Se obtuvieron los siguientes clones de hibridoma de este modo:
Tabla 1:
imagen1
Prueba de rastreo para anticuerpos monoclonales con especificidad para IgG humano, agregado.
Se recubre MTP recubiertos de estreptavidina con IgG1 o IgG3 humano biotinilado. Posteriormente, son incubados con el anticuerpo monoclonal en el sobrenadante de cultivo de células. A continuación, los anticuerpos unidos son detectados de la manera usual utilizando un IgM-POD antiratón por reacción con sustrato POD.

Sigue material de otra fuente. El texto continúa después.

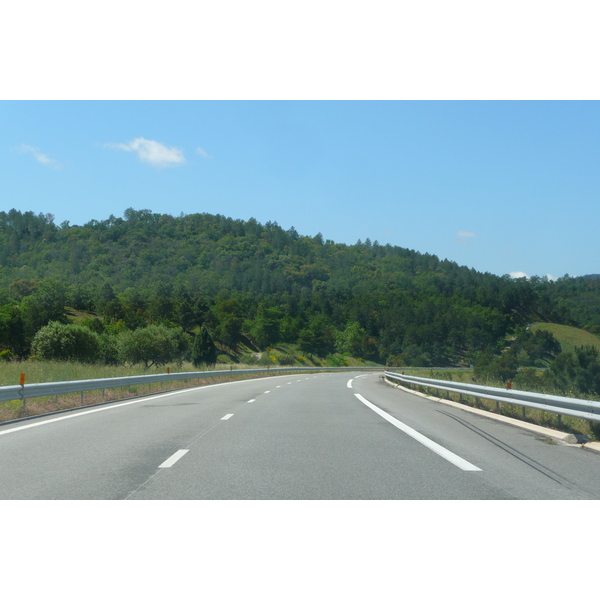 Picture France French Riviera A57 highway 2008-05 14 - Journey A57 highway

Determinación de la especificidad de la subclase utilizando IgG humano unido a una fase sólida.
Para determinar la especificidad de los anticuerpos en el sobrenadante de cultivo de las células de hibridoma, se recubren MPT (Placas de Micro Titulación) recubiertas con estreptavidina recombinante (MicroCoat Company, Nº de pedido 12-K 96 N) con 1 µg/ml de h-IgG (=H-IgG-Bi) biotinilado de subclase 1 o 2 o 3 o 4 en tampón de incubación. Dado que IgG unida a través de biotina a una fase sólida se comporta como IgG polímera, agregada, este sistema experimental puede ser utilizado para determinar la especificidad de la subclase. Para ello, se incuban 100 µl de solución H-IgG-Bi por pocillo durante 60 minutos a temperatura ambiente con agitación y se efectúa subsiguientemente lavado 3 veces con 0,9% NaCl / 0,05%Tween 20.

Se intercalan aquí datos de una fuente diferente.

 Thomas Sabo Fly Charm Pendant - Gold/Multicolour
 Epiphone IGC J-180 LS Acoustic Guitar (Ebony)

En la fase siguiente, 100 µl de la solución de anticuerpo a examinar (sobrenadante de cultivo) se añaden a un pocillo dotado de recubrimiento y se incuba durante 1 hora a temperatura ambiente con agitación. Después de lavar 3 veces con solución al 0,9% de cloruro sódico / 0,05% Tween 20, 100 µl de un fragmento etiquetado POD (Fab’)2 de un anticuerpo pokiclonal de IgM de cabra contra ratón (Dianova Company, Nº de pedido 115-036-075, concentración utilizada 0,16 µg/ml de tampón de incubación) se añaden en cada caso para detectar anticuerpo único de la muestra, incubado durante 1 hora a temperatura ambiente con agitación y lavado posteriormente 3 veces con solución de cloruro sódico a 0,9% / 0,05% Tween® 20.

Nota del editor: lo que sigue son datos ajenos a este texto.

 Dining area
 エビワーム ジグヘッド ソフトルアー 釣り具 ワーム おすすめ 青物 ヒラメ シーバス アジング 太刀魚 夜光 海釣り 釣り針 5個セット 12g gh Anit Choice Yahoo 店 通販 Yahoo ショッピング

Finalmente, se añaden 100 µl/pocillo de sustrato ABTS® (Roche Diagnostics GmbH, Nº de pedido 1684 302) y se mide la absorbancia a 405/492 nm después de 30 minutos a temperatura ambiente en un lector de microplacas
MR700 de Dynatech Company.
Tampón de incubación:
40 mM Na fosfato pH 7,4
200 mM Na tartrato
0,1% Tween 20
0,2% albumina de suero bovino
Determinación de la reactividad/reacción cruzada con IgG1 humano monómero.
Para determinar la reactividad/reacción cruzada con H-IgG1, no agregado, monómero, el anticuerpo monoclonal a examinar es preincubado en la prueba descrita anteriormente con IgG1 no agregado, monómero en concentraciones crecientes o en exceso. Si la señal medida sigue sin cambiar a elevado nivel, no hay reacción cruzada. Si la señal medida disminuye, ha tenido lugar reacción cruzada.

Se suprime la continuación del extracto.